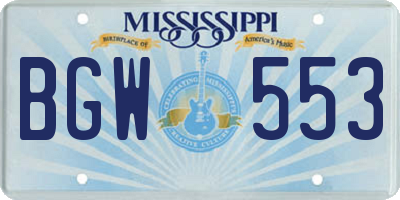 MS license plate BGW553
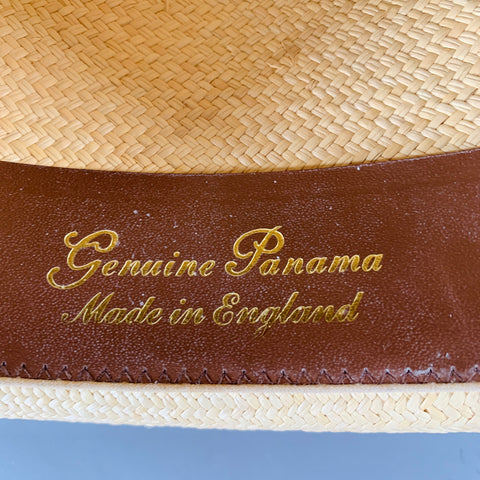 TURNBULL & ASSER Size L Beige Multi Color Woven Ribbon Straw Panama Hat
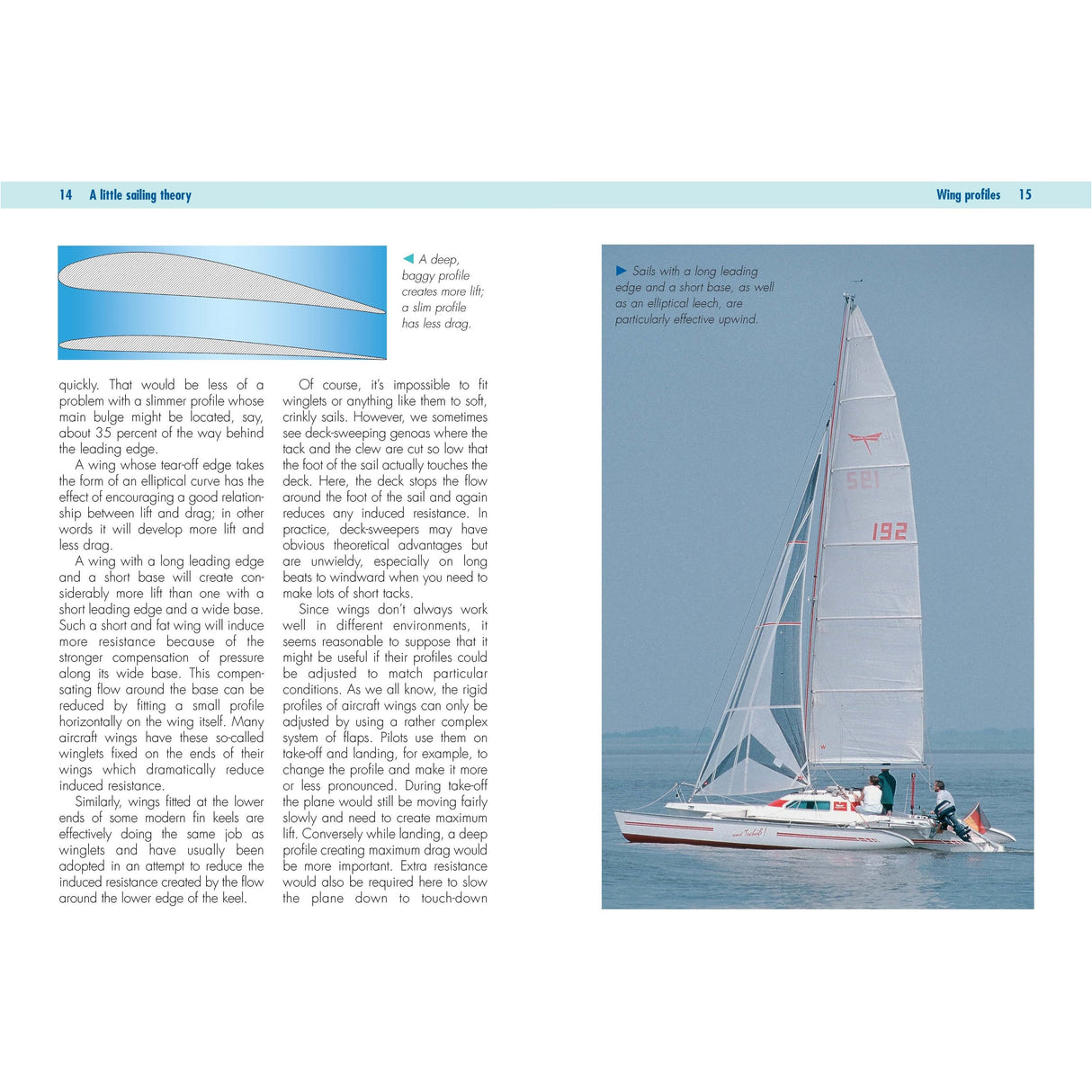 A sailboat with a bright sail cruises on calm water. Two people adjust ropes for ideal trim. Opposite, an Adlard Coles "Sail Trim" guide shows diagrams/text on wing profiles, flow stalling, and optimizing sail efficiency.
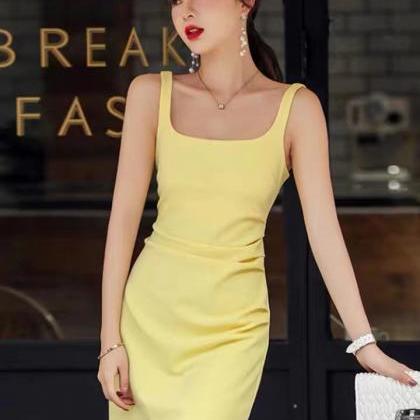 Sexy Little Dress, Backless Dress, Pleated Yellow..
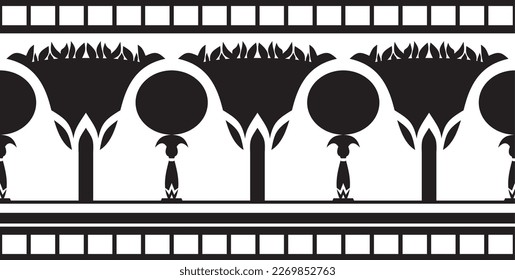 Vector monochrome seamless Egyptian border. Endless ornament of Ancient Africa. Pattern of lotus flowers and sun.
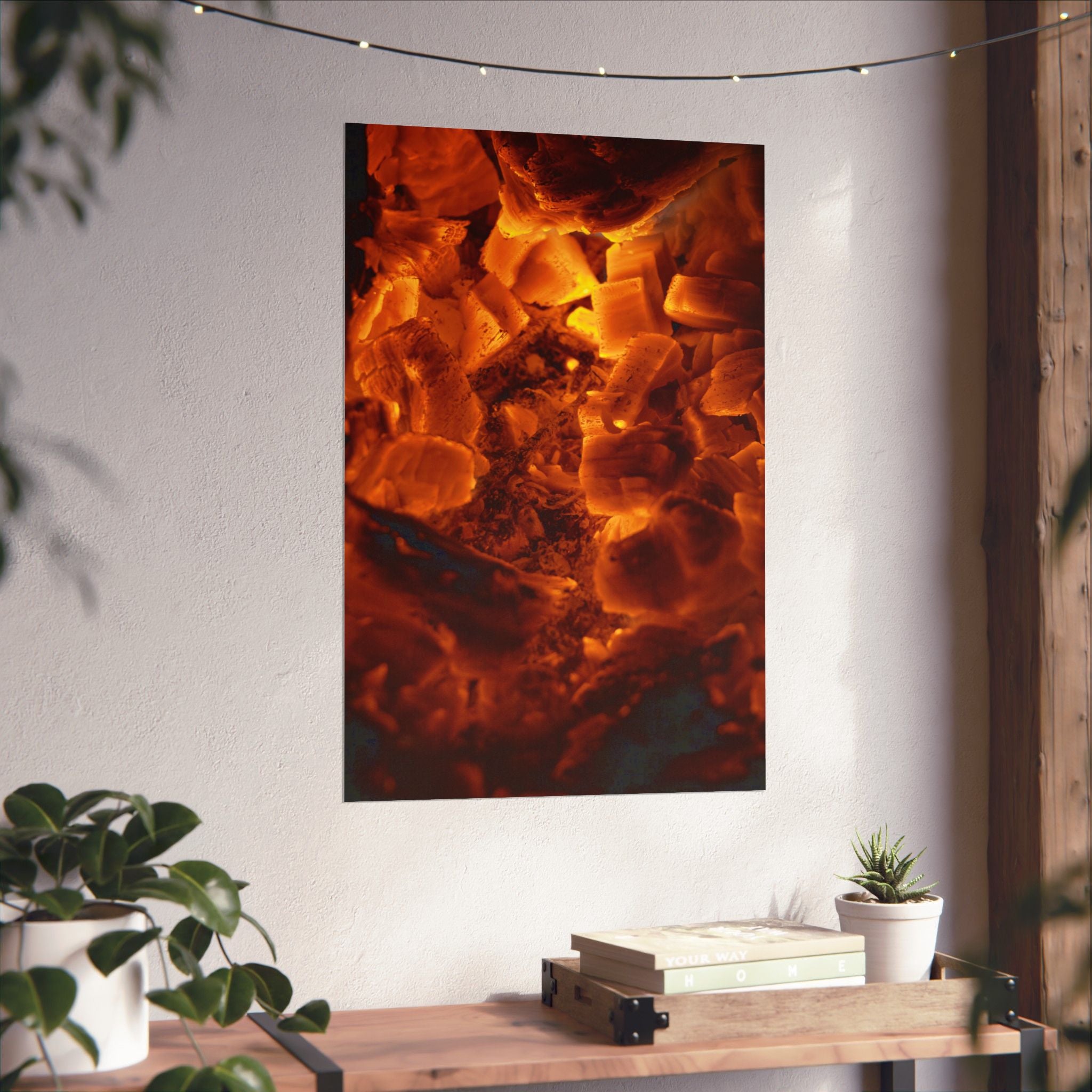 Embers Close-Up Matte Poster — Fiery Abstract Wall Art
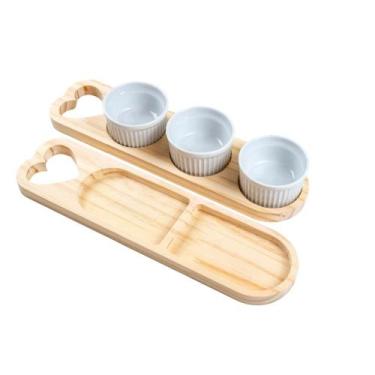 Imagem de Petisqueira Chique em Madeira com Ramequim Porta Molho - Carmisini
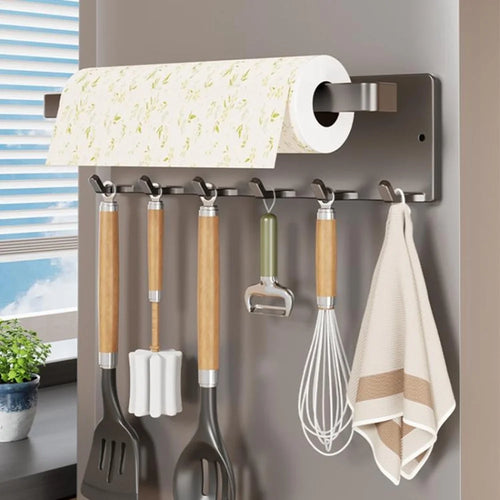 Magnetic Kitchen Paper Towel Holder with 6Pcs Hooks Carbon Steel Fridge Side Wall-Mounted Storage Rack for Organization - Gunmetal Grey - 1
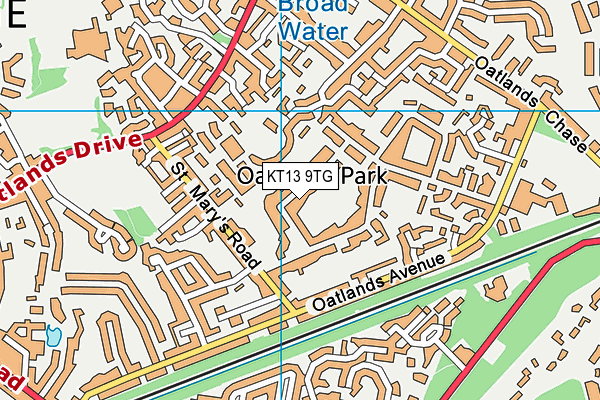 KT13 9TG map - OS VectorMap District (Ordnance Survey)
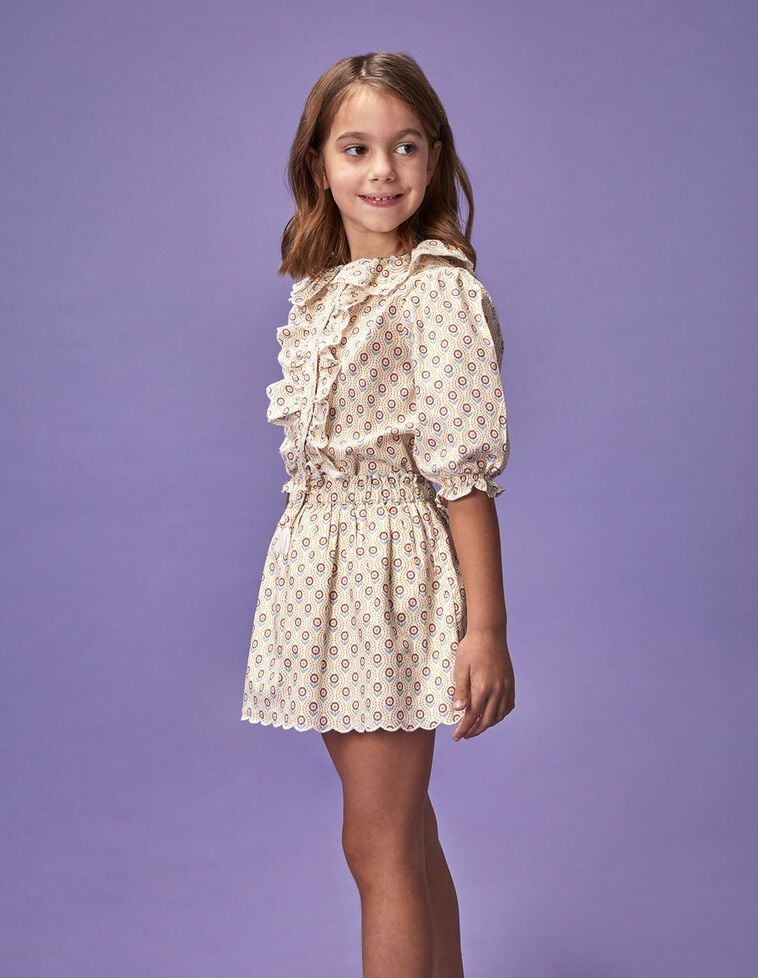 Falda estampada blanco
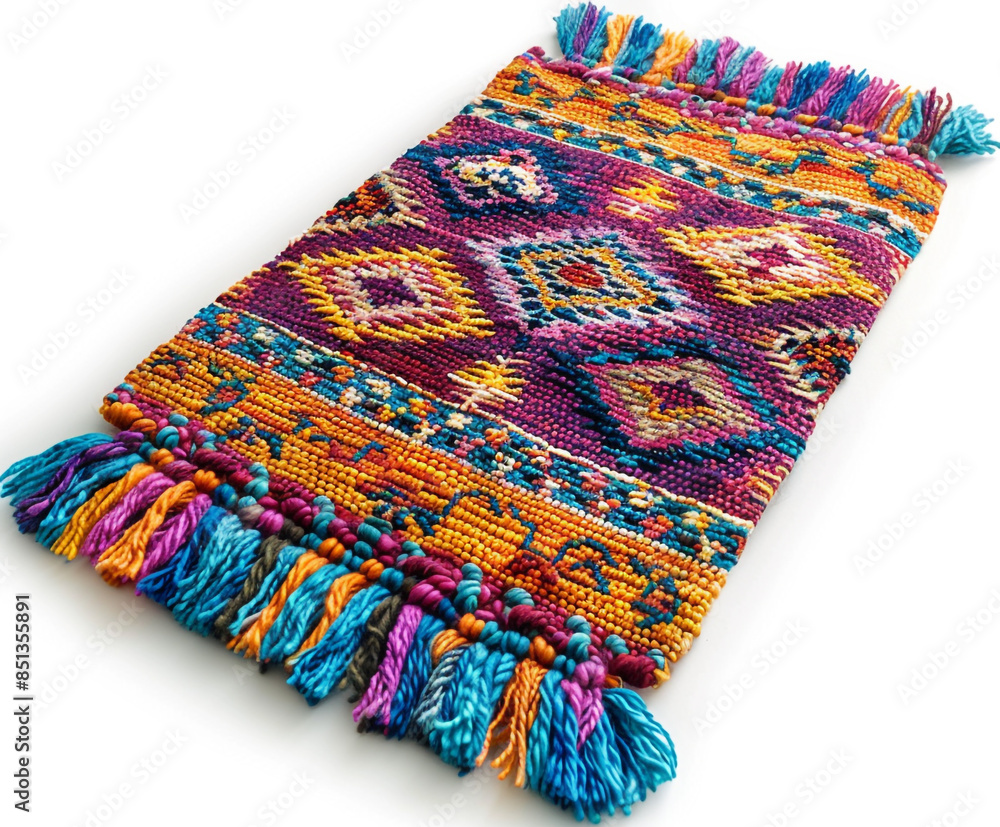 knitted carpet handloom isolated on white knitted carpet handloom isolated on white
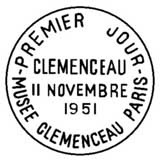 Oblitération 1er jour à Paris et St Vincent sur Jard (Vendée) le 11 novembre 1951 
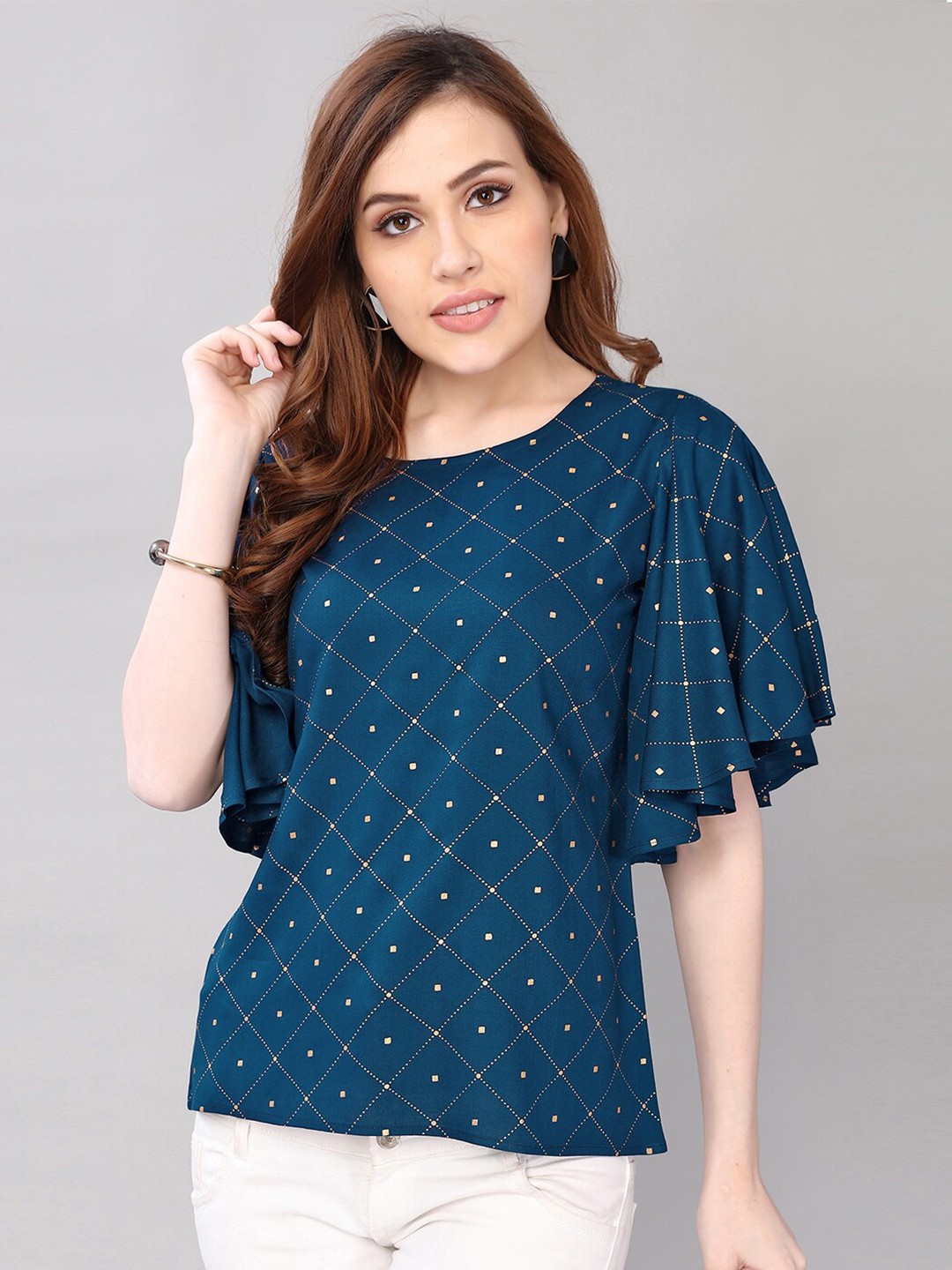 

Selvia Women Blue Geometric Print Flared Sleeves Crop Top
━━━━━━━━━━━━━━━━━━━━━━━━━━━━━━
▶ **EXERCISE AIM**
Apart from the pictures, every record must be set down exactly.

▶ **OUTPUT BELOW**
 MS license plate BGW553
 TURNBULL & ASSER Size L Beige Multi Color Woven Ribbon Straw Panama Hat
 A sailboat with a bright sail cruises on calm water. Two people adjust ropes for ideal trim. Opposite, an Adlard Coles "Sail Trim" guide shows diagrams/text on wing profiles, flow stalling, and optimizing sail efficiency.
 Sexy Little Dress, Backless Dress, Pleated Yellow..
 Vector monochrome seamless Egyptian border. Endless ornament of Ancient Africa. Pattern of lotus flowers and sun.
 Embers Close-Up Matte Poster — Fiery Abstract Wall Art
 Imagem de Petisqueira Chique em Madeira com Ramequim Porta Molho - Carmisini
 Magnetic Kitchen Paper Towel Holder with 6Pcs Hooks Carbon Steel Fridge Side Wall-Mounted Storage Rack for Organization - Gunmetal Grey - 1
 KT13 9TG map - OS VectorMap District (Ordnance Survey)
 Falda estampada blanco
 knitted carpet handloom isolated on white knitted carpet handloom isolated on white
 Oblitération 1er jour à Paris et St Vincent sur Jard (Vendée) le 11 novembre 1951 

Selvia Women Blue Geometric Print Flared Sleeves Crop Top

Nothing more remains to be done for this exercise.